The large canvasses greet the eye with rolls of multi-tonal flesh, contorted limbs and fully exposed genitalia, protruding from bodies sprawling on coaches, beds and piles of rags. The sitters lie bare in front of us, unashamed and mesmerising, despite making us a little uncomfortable at just how naked they are. Our conservative, jumper-loving, fat-hating minds reel at the idea of the fully exposed human body – where are the Grecian goddesses? Pieces like “Naked Standing Portrait”, “Standing by the Rags” and “Naked Solicitor”, make the viewer as intimate with his sitter as Freud himself was.
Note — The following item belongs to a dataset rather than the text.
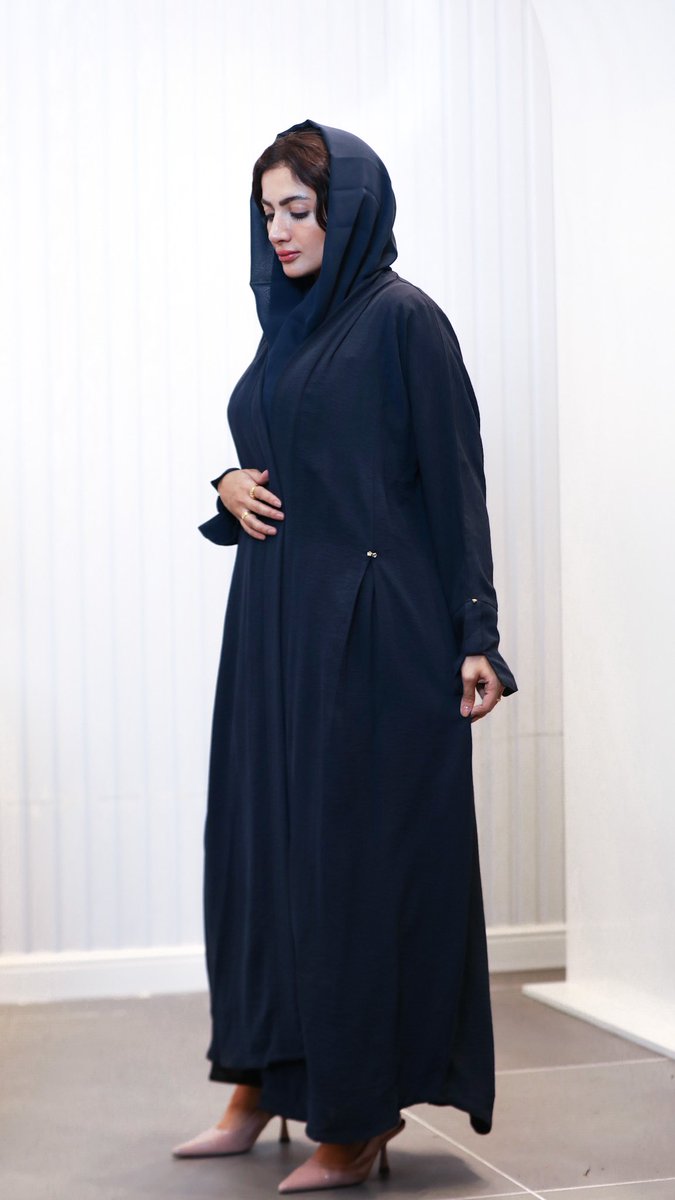 عبايه بكسرات مميزة بسعر ١٨٠ ريال فقط،  للطلب من الموقع israa-abaya.com/XBPrrj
Even when his sitters are clothed, like “Woman in a Butterfly Jersey” and “Man in a Silver Suit”, their faces are so contoured with the details of his paint that the titles and jumpers don’t matter: Freud is painting people, not fancy patterns.

The final room is partitioned into two sections, leading first to the enormous canvases displaying the Benefits Supervisor series. “Benefits Supervisor Resting”, in all its expensive glory and obesity, looms gigantically on the wall next to its equally gluttonous siblings, famous for being sold in 2008 for the highest price ever paid for a work by a living artist. It has recently been overtaken by pieces by Jeff Koons and Damien Hirst, and yet “Benefits Supervisor Sleeping” will be returned to the auction room in May and is expected to fetch around $30 million.
Past the partition there are the final pieces of Freud’s lifetime, completing the career as much as the exhibition with the same naked intimacies. David Dawson, Freud’s studio assistant and close friend, peers out of the wall in several pieces, affirming the words of the artist printed on the wall in a different room: “I work from people that interest me and that I care about, in rooms that I live in and know.” A little further on up the wall is the final piece of the gallery, of Dawson, and of the artist’s career: the unfinished “Portrait of the hound”.
I left the exhibition knowing that I would return, wanting to come at a time when the crowds of Freud-fans were not conspiring against me in swarming around paintings with audio-tapes and tall statures. His talent demands more of my time and attention, and an intimacy best experienced away from the jostle of the excitable crowd.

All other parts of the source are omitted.